(Stored data entries)
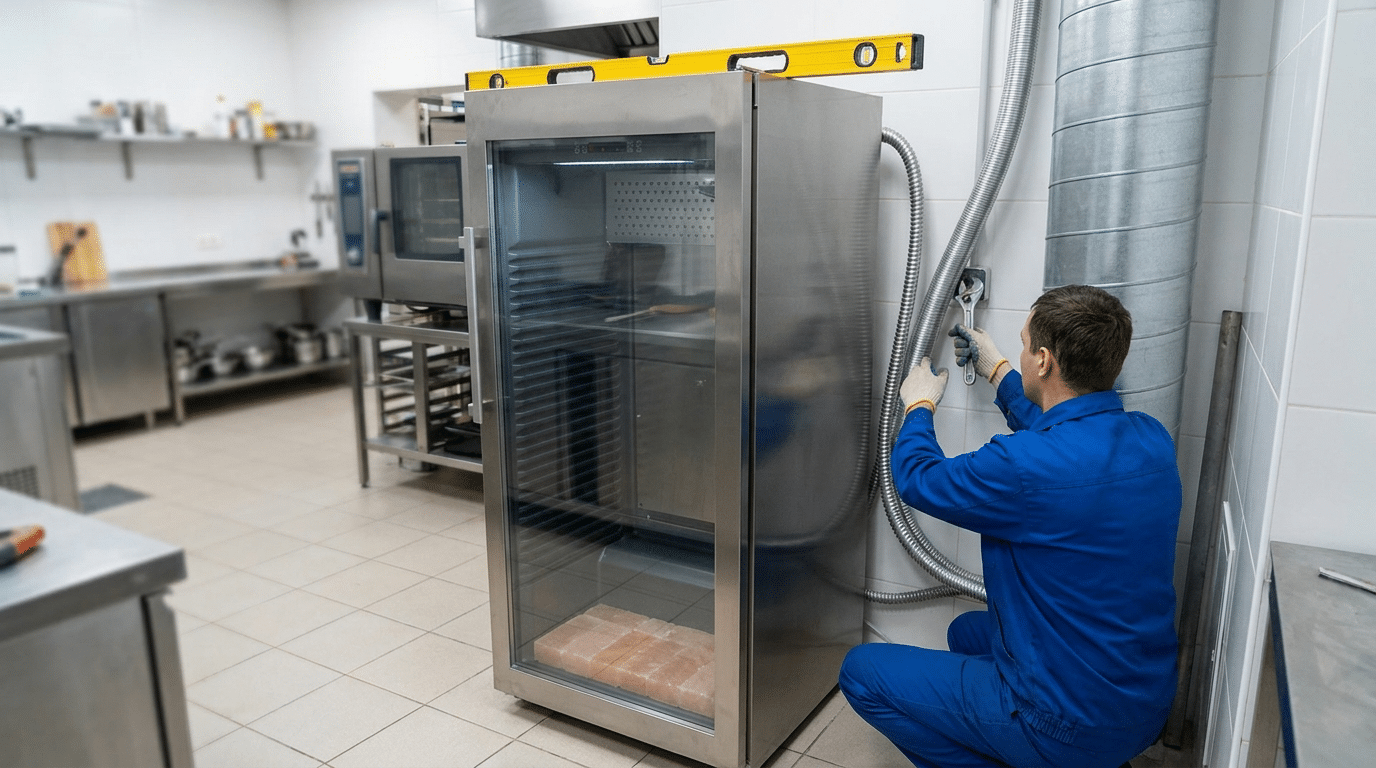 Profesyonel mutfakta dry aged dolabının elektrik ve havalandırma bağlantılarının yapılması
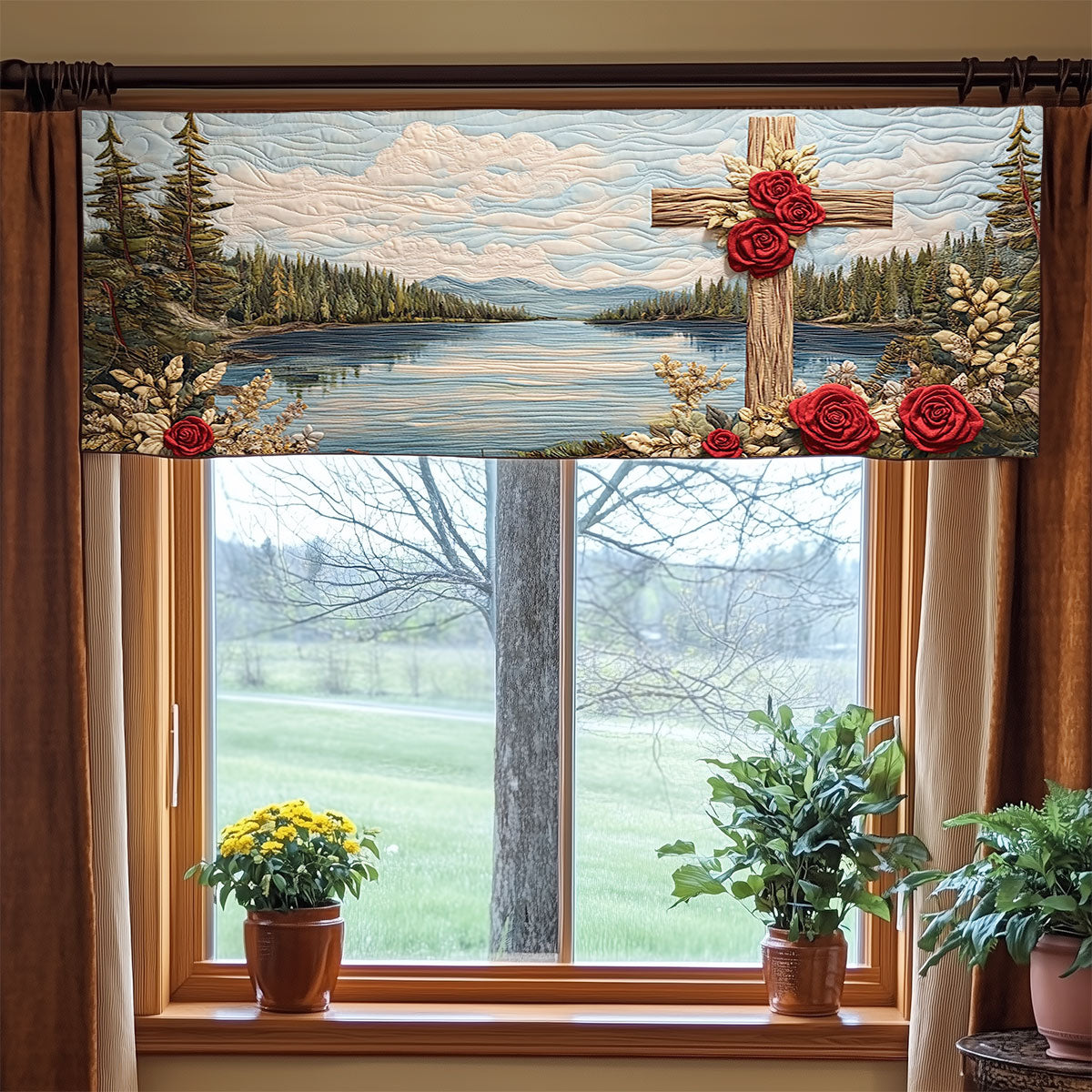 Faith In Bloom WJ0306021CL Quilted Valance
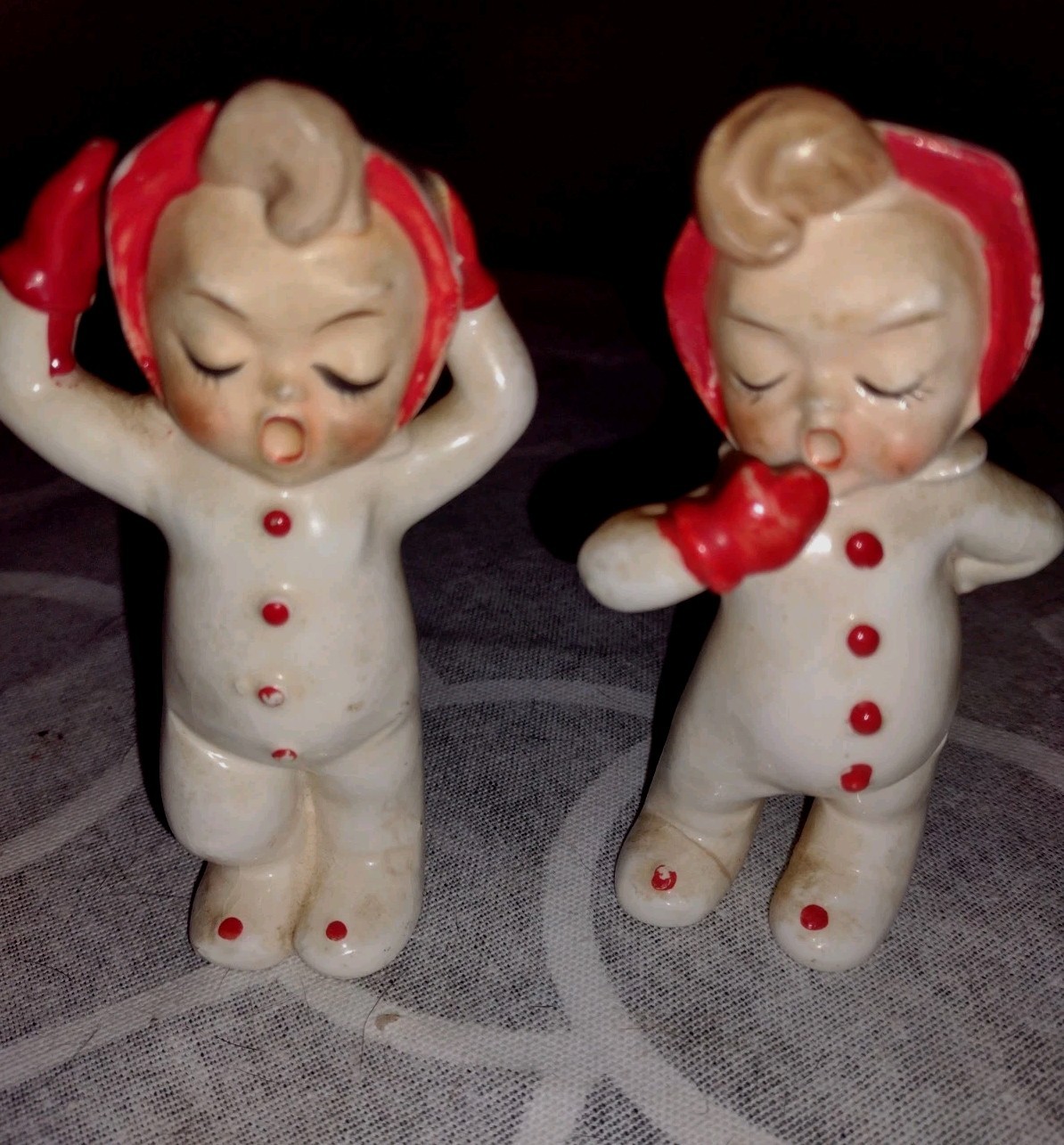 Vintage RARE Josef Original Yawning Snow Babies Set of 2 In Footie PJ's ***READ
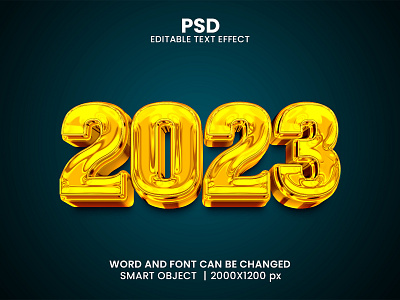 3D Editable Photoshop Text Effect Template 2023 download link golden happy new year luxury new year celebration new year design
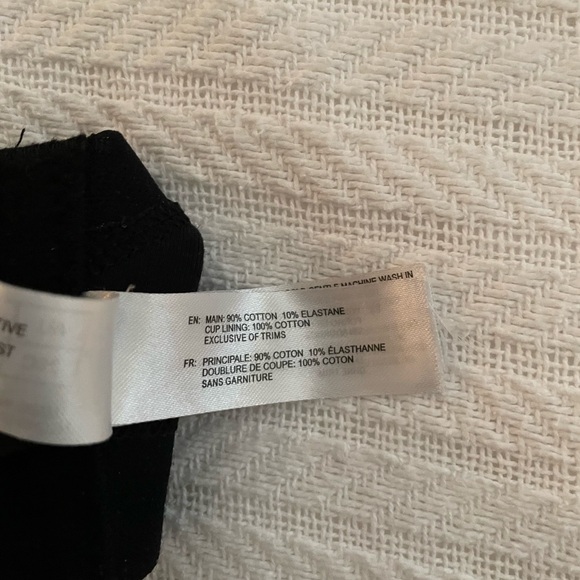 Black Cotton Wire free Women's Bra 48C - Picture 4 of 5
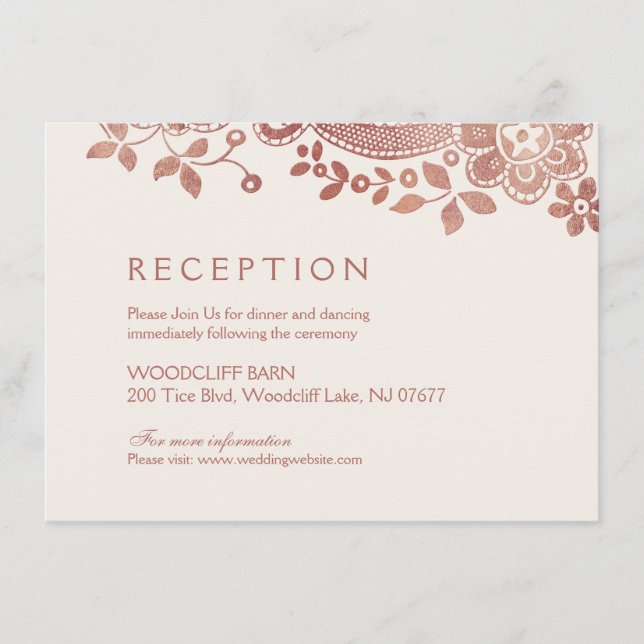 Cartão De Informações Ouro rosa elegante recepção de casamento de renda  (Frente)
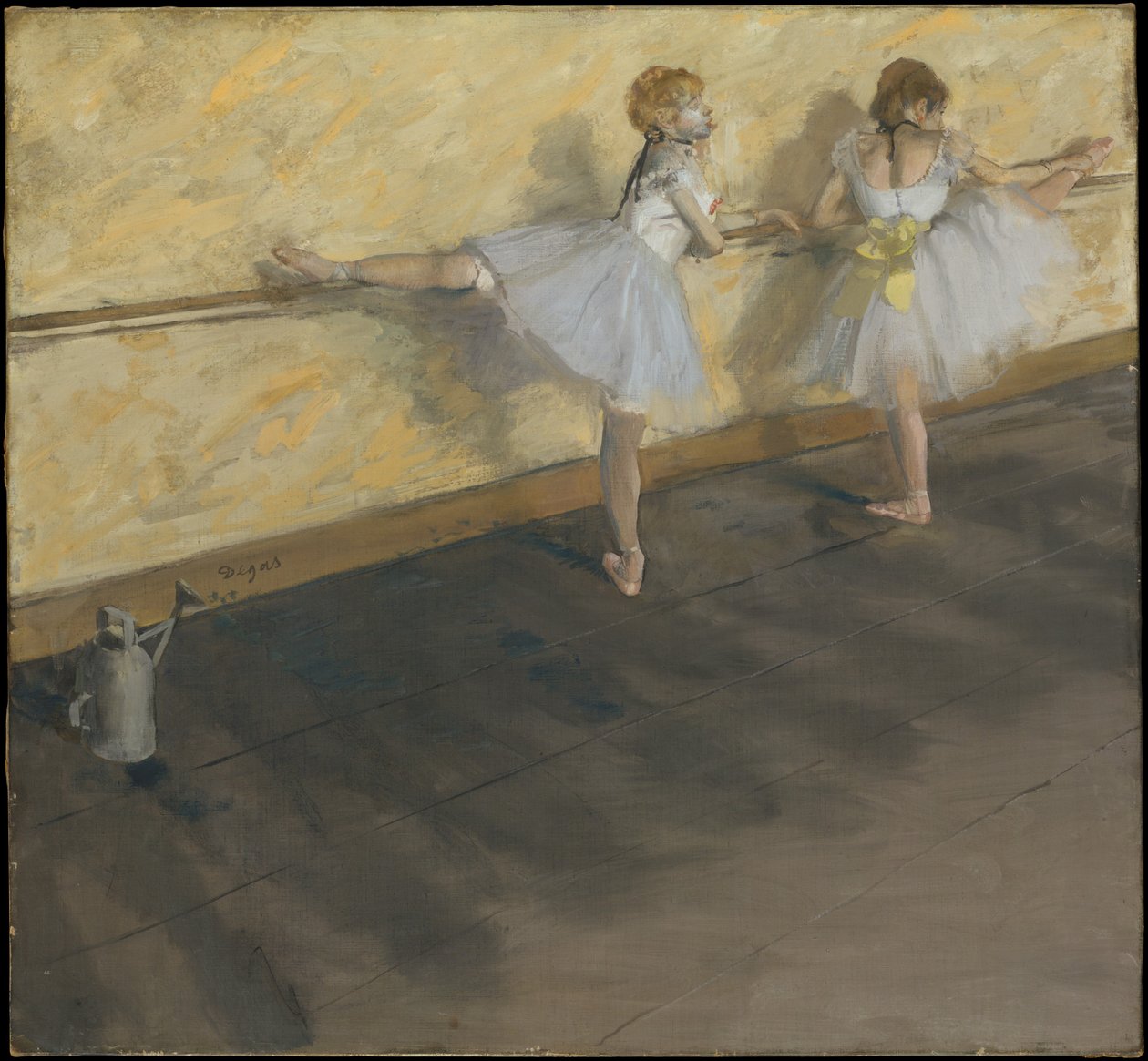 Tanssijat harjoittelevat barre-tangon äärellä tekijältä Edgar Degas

### To do
With the pictures left out, copy exactly the lines above from the line containing "Black Cotton Wire" through the last line of the entries.

### Answer
 Black Cotton Wire free Women's Bra 48C - Picture 4 of 5
 Cartão De Informações Ouro rosa elegante recepção de casamento de renda  (Frente)
 Tanssijat harjoittelevat barre-tangon äärellä tekijältä Edgar Degas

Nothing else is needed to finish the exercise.